Her own path toward deeper self awareness included becoming a certified yoga instructor. She describes months of intensive teacher training that became as emotionally revealing as therapy, exposing stories, wounds, and perspectives shared among women from different generations and backgrounds. Those experiences naturally found their way into her songwriting without becoming preachy or overly literal.
Musically, Woman refuses to fit comfortably inside one genre. It carries elements of indie rock, singer songwriter traditions, cinematic storytelling, and subtle Latin influences that reflect her Mexican heritage. Torres even embraces the image of the song feeling like a horse galloping endlessly forward, mirroring the emotional momentum behind its lyrics. The arrangement becomes another storyteller alongside the words themselves.
Perhaps the most revealing moment of the interview arrives when the conversation turns toward today's music industry. Torres openly acknowledges the pressure artists face to create content designed purely for attention spans measured in seconds. She understands why those strategies exist, yet ultimately stepped away from them because they no longer felt authentic.
Instead of releasing disconnected singles simply because the industry expects it, she chose to create a complete album. For Torres, albums still matter. Songs belong together. They tell larger stories when experienced from beginning to end. She believes listeners who truly care about music still want that experience, especially as vinyl and physical formats continue finding new audiences.
That same conviction shaped her role behind the recording console. For the first time, Torres stepped into the role of co producer, discovering confidence in her own creative instincts. Rather than allowing outside voices to reshape her music into something more commercially acceptable, she trusted her own ears.

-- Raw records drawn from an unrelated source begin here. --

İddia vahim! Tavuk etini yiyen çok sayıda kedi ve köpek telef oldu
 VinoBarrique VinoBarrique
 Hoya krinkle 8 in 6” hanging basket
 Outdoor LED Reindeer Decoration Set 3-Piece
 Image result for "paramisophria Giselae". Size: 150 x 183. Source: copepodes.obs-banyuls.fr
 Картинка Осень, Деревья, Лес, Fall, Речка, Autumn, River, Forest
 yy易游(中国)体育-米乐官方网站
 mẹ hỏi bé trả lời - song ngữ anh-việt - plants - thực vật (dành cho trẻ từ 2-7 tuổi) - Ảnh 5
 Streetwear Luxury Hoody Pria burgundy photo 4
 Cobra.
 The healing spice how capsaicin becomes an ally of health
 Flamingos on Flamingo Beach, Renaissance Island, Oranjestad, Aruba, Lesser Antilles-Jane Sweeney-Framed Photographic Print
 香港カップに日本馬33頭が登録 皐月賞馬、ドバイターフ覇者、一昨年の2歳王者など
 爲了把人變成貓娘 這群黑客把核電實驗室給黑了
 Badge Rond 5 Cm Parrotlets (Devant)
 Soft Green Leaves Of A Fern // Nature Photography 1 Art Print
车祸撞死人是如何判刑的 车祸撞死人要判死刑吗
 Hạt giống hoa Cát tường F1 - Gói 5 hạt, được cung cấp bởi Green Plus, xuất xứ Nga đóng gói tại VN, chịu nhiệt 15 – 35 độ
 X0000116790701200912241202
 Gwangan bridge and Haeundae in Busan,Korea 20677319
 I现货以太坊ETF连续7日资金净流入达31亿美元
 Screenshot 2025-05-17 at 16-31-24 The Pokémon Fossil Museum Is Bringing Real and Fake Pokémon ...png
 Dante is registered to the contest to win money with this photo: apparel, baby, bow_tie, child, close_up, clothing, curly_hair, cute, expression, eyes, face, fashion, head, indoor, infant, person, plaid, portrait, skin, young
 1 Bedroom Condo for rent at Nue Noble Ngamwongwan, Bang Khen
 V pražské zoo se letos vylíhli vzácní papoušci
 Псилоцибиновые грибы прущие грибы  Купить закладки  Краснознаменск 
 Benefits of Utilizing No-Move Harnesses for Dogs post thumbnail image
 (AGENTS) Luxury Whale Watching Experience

It was not always that way.
She recalls previous opportunities where industry expectations encouraged her to become someone else. There were suggestions to stop playing guitar, change her appearance, and fit a more marketable image. She walked away. Looking back, she has no regrets. Success achieved by sacrificing authenticity was never success she truly wanted.
That confidence carries into the songs themselves. One track on the upcoming record, That Night, delivered one of those unforgettable moments every musician hopes to experience. Hearing the layered vocal arrangement for the first time gave her chills, confirming that the song had become something even greater than she originally imagined.
Throughout the conversation, Torres returns repeatedly to the idea that music should move people emotionally before it moves numbers on a screen. Whether discussing Joni Mitchell, Prince, Regina Spektor, Waylon Jennings, or the memories attached to songs from childhood, she speaks less about fame and far more about emotional connection.
That perspective ultimately defines her work.
V Torres is not trying to become someone audiences expect. She is inviting audiences into the person she already is. In a musical landscape increasingly driven by speed and disposable content, that kind of patience feels almost rebellious. Her songs ask listeners to slow down, sit with the emotion, and experience the story from beginning to end.
Sometimes the boldest thing an artist can do is refuse to become anyone else.